Hurry-up offense means more plays, defenses scrambling

Credit: Brady Moore / KTVB

Hurry-up offense means more plays, defenses scrambling

Print
Email
|

by Jay Tust

Bio | Email | Follow: @KTVBSportsGuy

KTVB.COM

Posted on November 16, 2013 at 8:27 PM

Updated Saturday, Nov 16 at 8:41 PM

BOISE -- Before the season we talked about the Boise State offense instituting a new up-tempo pace by eliminating the huddle. As with anything, it has it's pros and cons.

We start off with the good. On offense, its been effective for them, especially compared to last year's numbers.

While their average yards per play is up just slightly from 5.8 to 6.1, they're total number of plays per game has increased from approximately 68 a game to almost 82.

What that means: Although BSU is seeing similar results to last year every time they snap the ball, getting more plays in is the reason they're averaging almost 100 more total yards per game this season.

The other side of the ball is a different story. The Boise State defense has faced an average of 100 plays per game over the last two contests. Before allowing 109 to Colorado State two weeks ago, the Broncos were on the field for 91 plays at BYU.

You would have to go back 101 games ago to find the last time a Boise State defense spent more than 90 plays on the field. In happened in a 70-35 victory over rival-Idaho in 2005. The Vandals  managed to total up 92 plays.

Back to this year, five of Boise State's nine opponest so far rank in the top 20 in the NCAA in plays per game. So the con? More and more teams are using this strategy it's a big reason why the Broncos are on pace for a historically bad season.

It's an offensive strategy that taking college football by storm.

The hurry-up offense eliminates huddling and shrinks the time between snaps meaning, there is now more pressure on defenses to perform and communicate than ever before.

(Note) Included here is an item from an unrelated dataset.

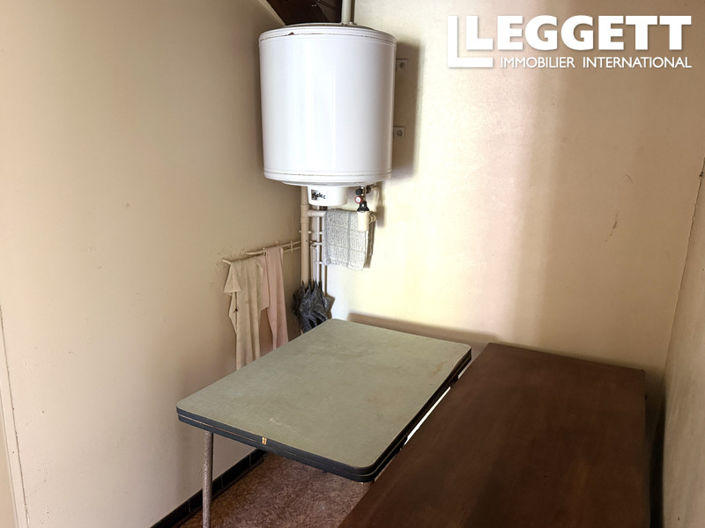 Image No.9-2 Bed House for sale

This season, if you a look at yards per play, you will find that the Boise State defense is pretty mediocre. Opposing teams gain an average of 5.4 yards every time the ball is snapped, which ranks 55th among the NCAA's 125 FBS schools.

But there is a reason the Broncos are surrendering 438 total yards per game -- the 98th most in the country. It has to do with the shear volume of plays they are seeing.

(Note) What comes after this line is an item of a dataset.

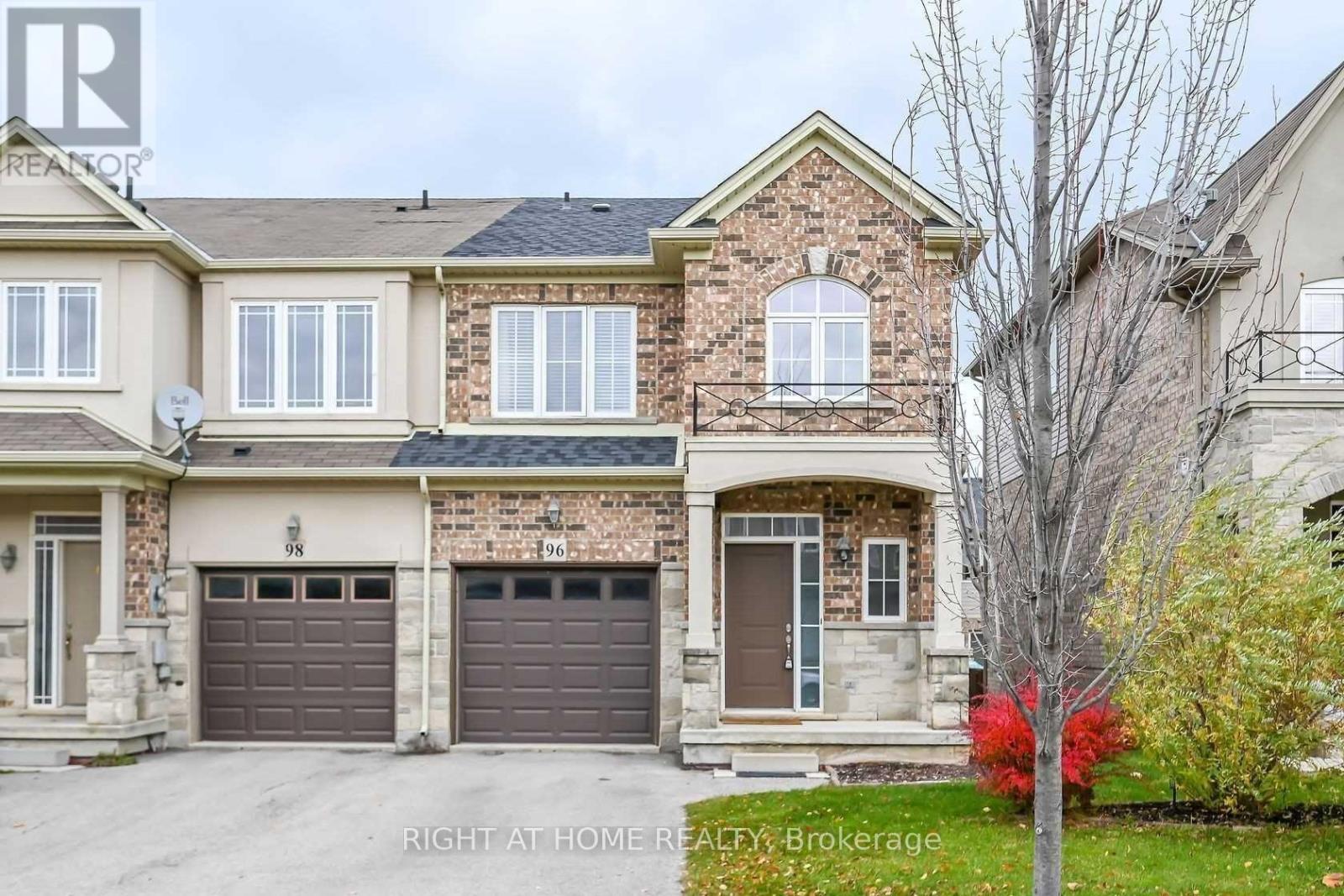 96 Highgate Dr, Hamilton, ON L8J 2W9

In 2011, the Bronco defense was on the field for 806 plays. An average of 62 plays per game. Last season, that number jumped slightly to 888 plays, or 68.3 a contest.

Through nine games this season, the Boise State defense has already been on the field for 731 plays, an average of 81.2 per game, the third highest total in the country.

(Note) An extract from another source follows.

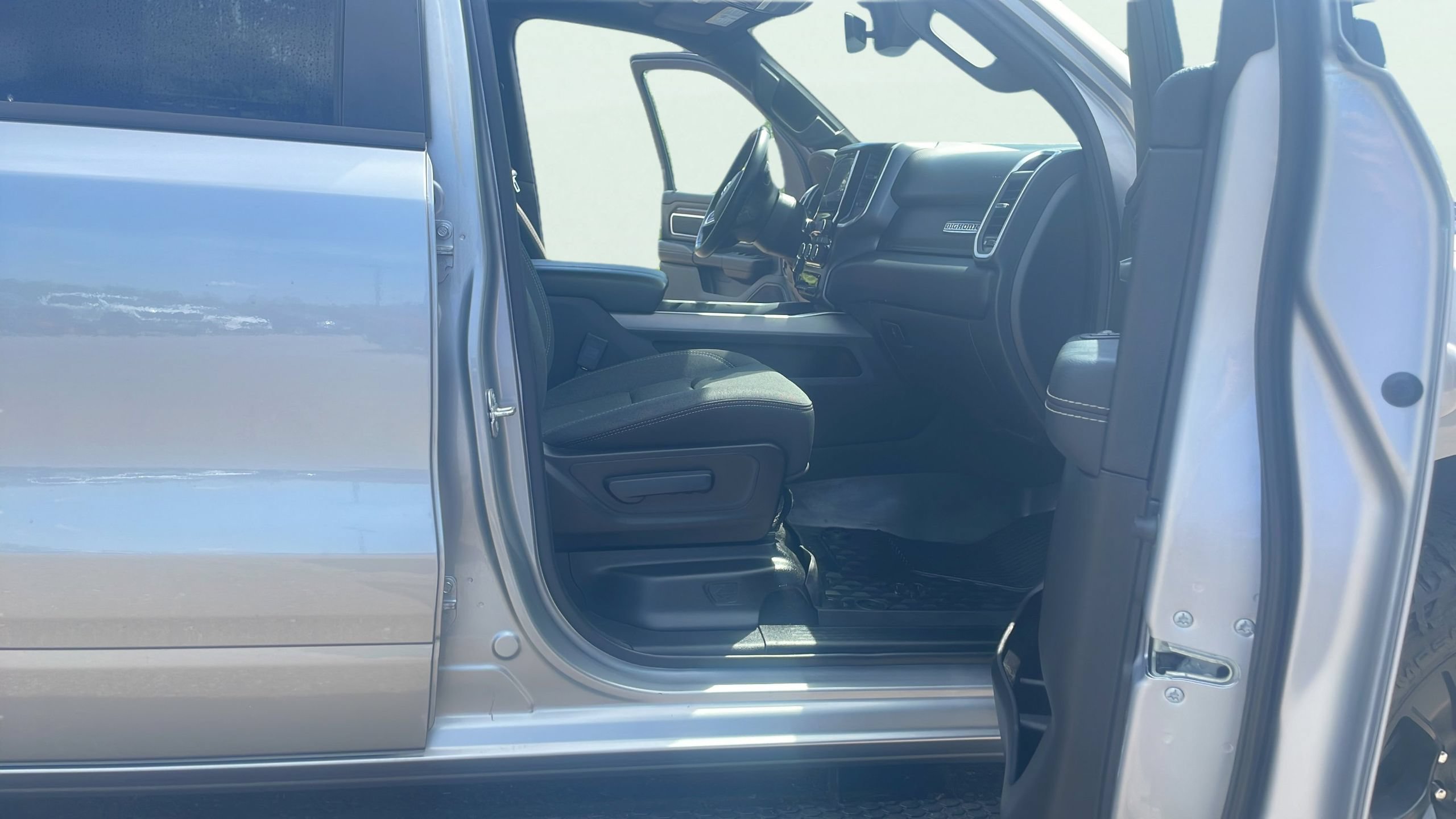 Used 2022 RAM 1500 Big Horn AWD/4WD image 13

At that rate, the defense is on pace to spend 1,055 plays on the field this season. Add over 81 more if they make it to the Mountain West Championship game.

That means that the Broncos will potentially line up 248 more times this season on defense, which at their currently rate of 81.2 plays per game means they will play essentially three more games on defense in 2013 than they did in 2012.

The aftermath is interesting. Does the increase in snaps means more injures?
Coach Petersen says he's not sure.

Either way, it's tough to ignore the amount of Broncos that have been sidelined this season.

"I don't remember a year like this," side Coach Pete.

At the very least, along with injury replacements, the new pace is forcing younger guys on the field.

With depth being tested more than ever, the game is evolving and defenses are scrambling to figure out a solution.